WORK REQUEST - Retype the listing exactly. Leave out the images.

COLLECTED MATERIAL -
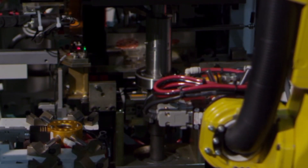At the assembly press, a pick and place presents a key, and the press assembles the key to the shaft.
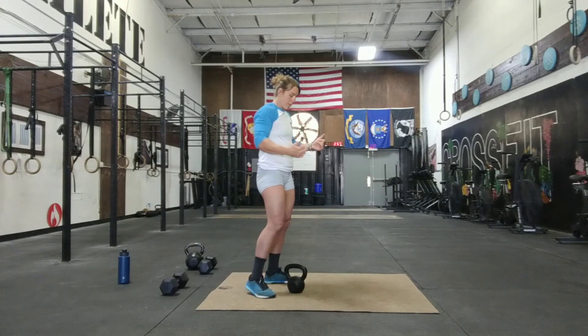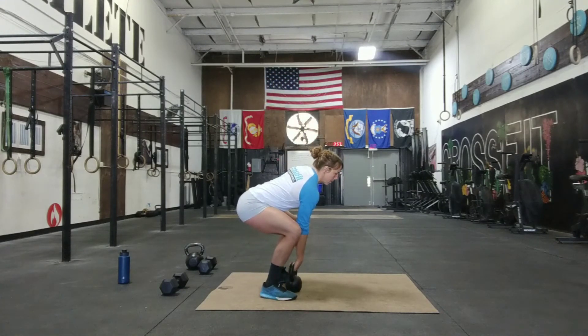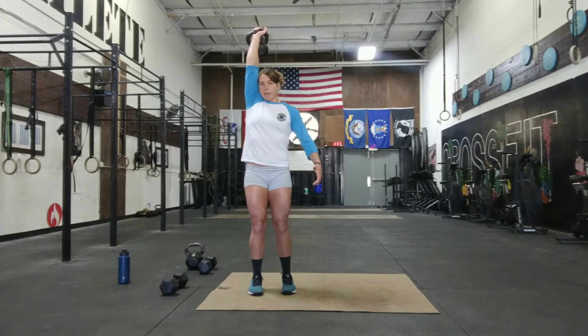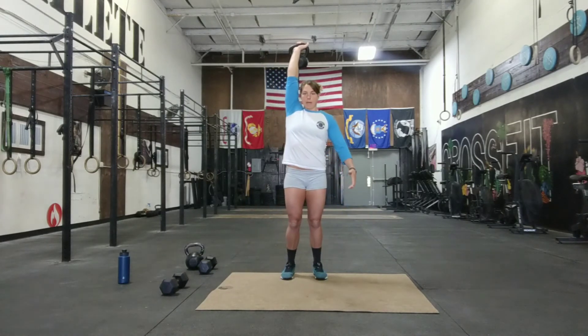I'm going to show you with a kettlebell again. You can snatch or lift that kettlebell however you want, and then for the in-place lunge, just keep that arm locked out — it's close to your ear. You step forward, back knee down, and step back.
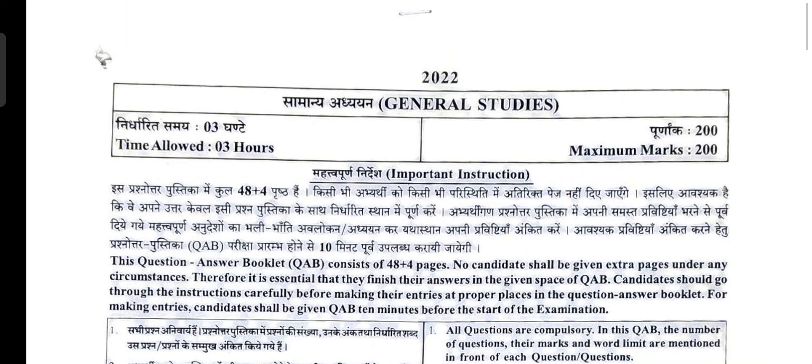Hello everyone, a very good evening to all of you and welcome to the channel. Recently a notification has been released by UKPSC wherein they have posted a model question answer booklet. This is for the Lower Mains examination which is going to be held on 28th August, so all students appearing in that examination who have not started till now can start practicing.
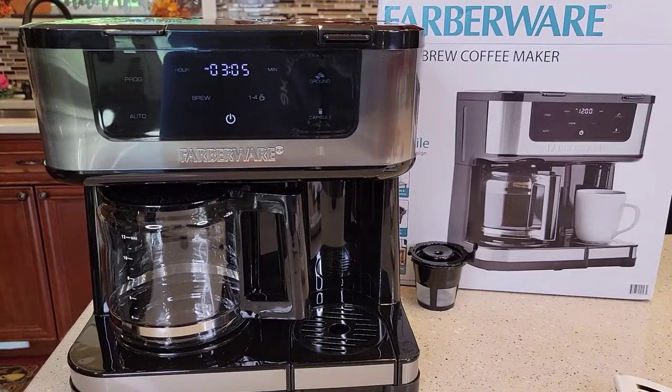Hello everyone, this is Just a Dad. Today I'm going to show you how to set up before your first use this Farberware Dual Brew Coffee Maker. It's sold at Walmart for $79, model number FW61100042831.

SOLUTION FOR THIS EXERCISE -
At the assembly press, a pick and place presents a key, and the press assembles the key to the shaft.
I'm going to show you with a kettlebell again. You can snatch or lift that kettlebell however you want, and then for the in-place lunge, just keep that arm locked out — it's close to your ear. You step forward, back knee down, and step back.
Hello everyone, a very good evening to all of you and welcome to the channel. Recently a notification has been released by UKPSC wherein they have posted a model question answer booklet. This is for the Lower Mains examination which is going to be held on 28th August, so all students appearing in that examination who have not started till now can start practicing.
Hello everyone, this is Just a Dad. Today I'm going to show you how to set up before your first use this Farberware Dual Brew Coffee Maker. It's sold at Walmart for $79, model number FW61100042831.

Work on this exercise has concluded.